And The Intercept Discovers Homophily or the “Birds of a Feather” Principle

This is important. The Intercept has done some very good investigative reporting showing yet another example of Facebook virtually f&@$ing the public in their ear. Read it now. Can you believe Facebook was caught taking users’ data and sharing it with their corporate friends?

In this case it’s cellular carriers and ISPs, who already know a lot about you thanks to some deregulation work of the current regime. Yeah, Comcast, Verizon, and the rest are allowed to scoop up our web browsing histories. With “Actionable Intelligence” — sounds like a CIA-NSA program with the consumer being the enemy— Facebook shares more details about the person using the phone to the digital Draculas running our telecom companies. Sure Facebook can kind of claim, cough, it doesn’t sell their users personal data: Actionable Intelligence is a small sweetener that’s added to their existing advertising relationships with companies.

The more interesting point is that the Intercept references the obscure technical term homophily, which is the idea that we connect to similar people. Known to sociologists, who have studied who we “friend” as a serious academic topic, and to rest of us as “birds of a feather flock together, homophily allows carries and ISPs (and the NSA) to make good guesses about the behaviors and preferences of those in a Facebook friend network, or in your real neighborhood, or organizations you belong to. Scary. By the way, if you want to read a very good science fiction take on this topic, pick up a copy of Tom Purdom’s Barons of Behavior.

Once upon a time I wrote about homophily for a certain data security company, and though the post was taken down, it’s still a good read. I also wrote another piece about Subject Attribute Networks or SANs, which is the computer science technique used to study homophily. It has benign applications in corporate environments to help admins understand who’s likely to look at files and folders. Courtesy of Facebook and other information cartel members, the same idea has far more menacing consequences. I’ve dug the two posts out of the archives and republished below for your reading pleasure …

Homophily and Medadata

True or false: metadata can be used to discover important patterns and behaviors in social networks? This is as true now as it has been since the start of electronic communications: those whom you telegraphed and called, and more recently, email and “like”, can reveal important, non-trivial facts about both sender and receiver, even without analyzing the actual content exchanged. But more significantly, a single piece of metadata also provides details about the surrounding network neighborhood.

Let’s leave aside current headlines about metadata for a moment. E-retailers have understood since the first online purchase that metadata is a powerful way to cluster customers into like-minded communities. What are book and movie suggestions on Amazon and Netflix, but metadata that’s been used to slot members into virtual neighborhoods with uniform preferences?
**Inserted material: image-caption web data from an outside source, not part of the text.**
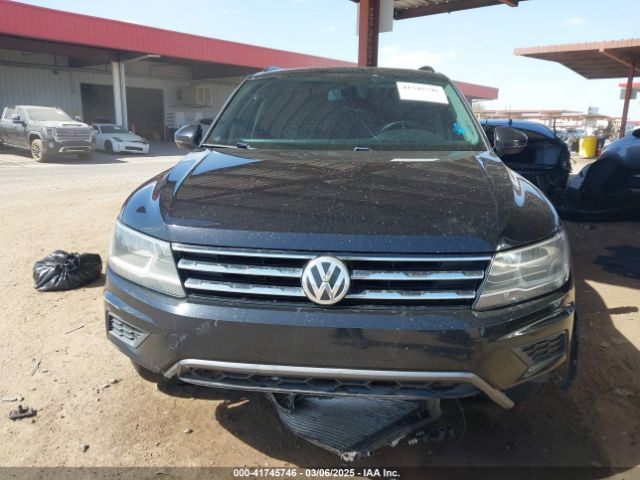 3VV3B7AX5JM009157 Volkswagen Tiguan 2.0t Se/2.0t Sel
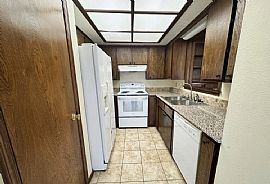  Single Family Home  in Norman, OK (Photo 4 of 11)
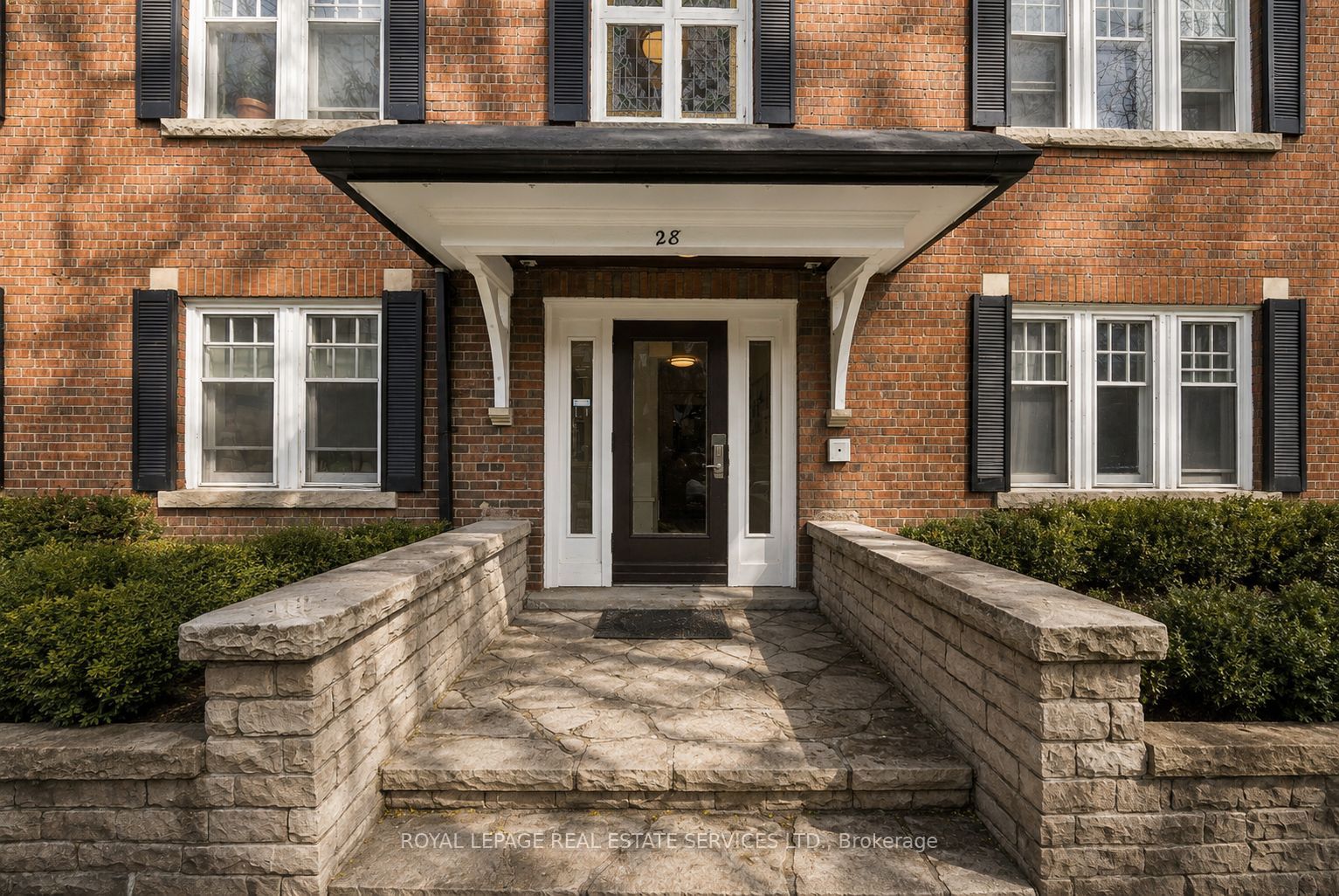 28 Macpherson Avenue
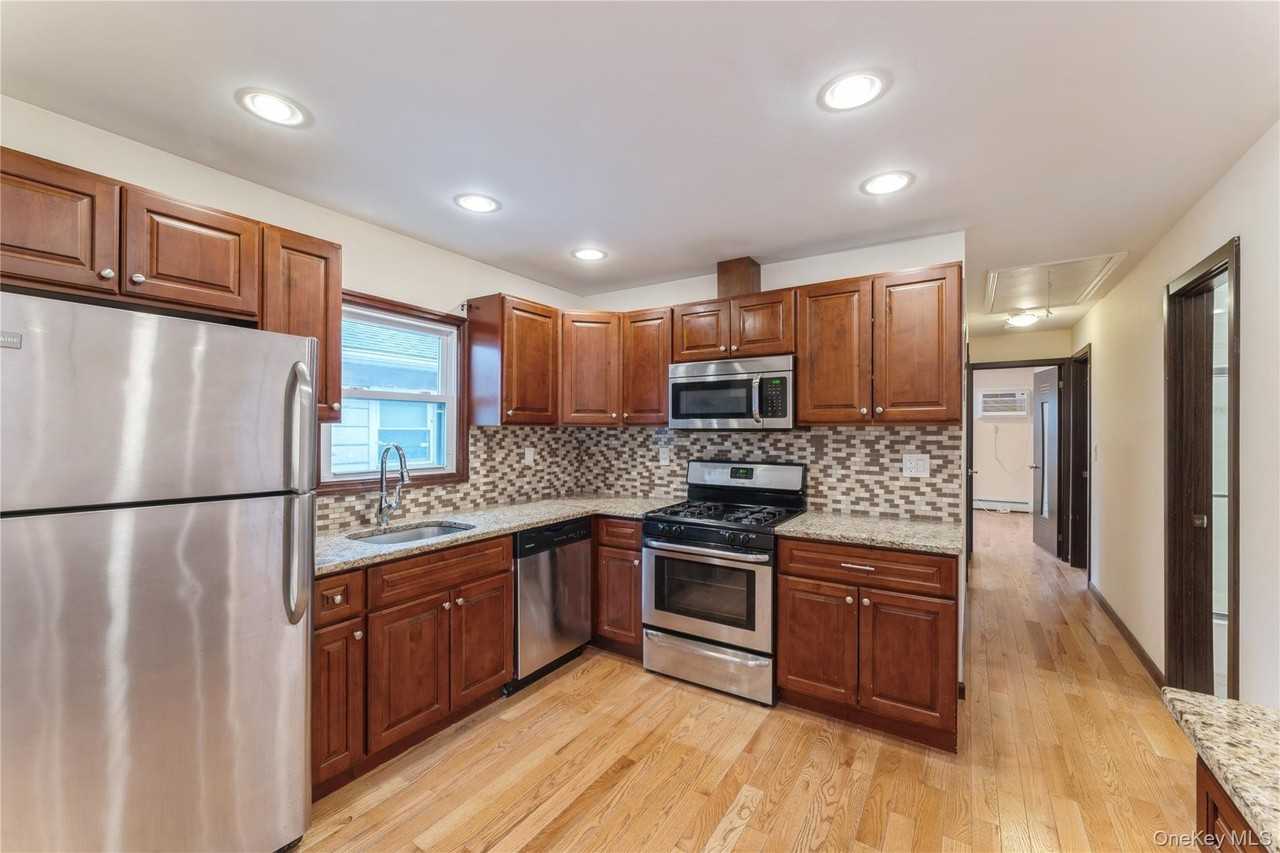 22820 Edgewood Ave, Springfield Gardens, NY 11413, USA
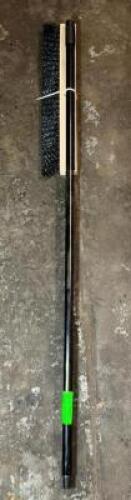18" DRIVEWAY COATER BRUSH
That’s the key point: metadata of those in a virtual neighborhood are very likely to be similar.

These principles have been validated by empirical sociology research going back to at least the 1950s. The rest of us intuitively understand this as “birds of a feather flock together”: we connect up with people who have similar education, income, age, religion, ethnicity, aspirations, and on and on. So it’s not a surprise that we recreate these flocking patterns in 21^st-century cyber neighborhoods.

It’s easier to see these ideas play out in social networking services, where users choose their neighbors. Recently, Facebook started to directly exploit its metadata network with Graph Search. Based on my brief testing, it still in an early stage of development. But the intention behind Graph Search is clear: use metadata—i.e., likes and dislikes—of friends and friends of friends to provide more directed answers to queries. Nearby connections are far more predictive of users’ preferences and other attributes than those connections further down the chain.
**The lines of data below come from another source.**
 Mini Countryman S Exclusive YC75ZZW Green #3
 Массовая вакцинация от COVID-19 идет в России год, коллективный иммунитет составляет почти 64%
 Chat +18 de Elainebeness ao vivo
For Facebook wonks, there’s also an informative post from their development team about how close “birds of a feather” connections — these friends make connections.
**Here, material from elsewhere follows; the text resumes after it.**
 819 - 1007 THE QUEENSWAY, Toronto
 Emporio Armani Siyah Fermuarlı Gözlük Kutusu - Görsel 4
This is an issue in Facebook— by no means the only service with this loophole— wherein friends of friends can always view their friends’ “friends lists”. In other words, someone two hops away from me can see my connection to our common friend, and then surmise much about me from my neighbor. While this does encourage new connections, making friends lists so freely available in this way leaves the door wide open for stalkers and identity thieves to enter and gain information about targets.

Back to some of the recent headlines about metadata and phone calls. Compared to the deregulated Internet services, regulated voice carriers give metadata tighter privacy protections. Who would be surprised (and outraged) if our cell phone companies, in their monthly bills, published the numbers of people with similar interests or suggested local businesses to visit based on mining call records?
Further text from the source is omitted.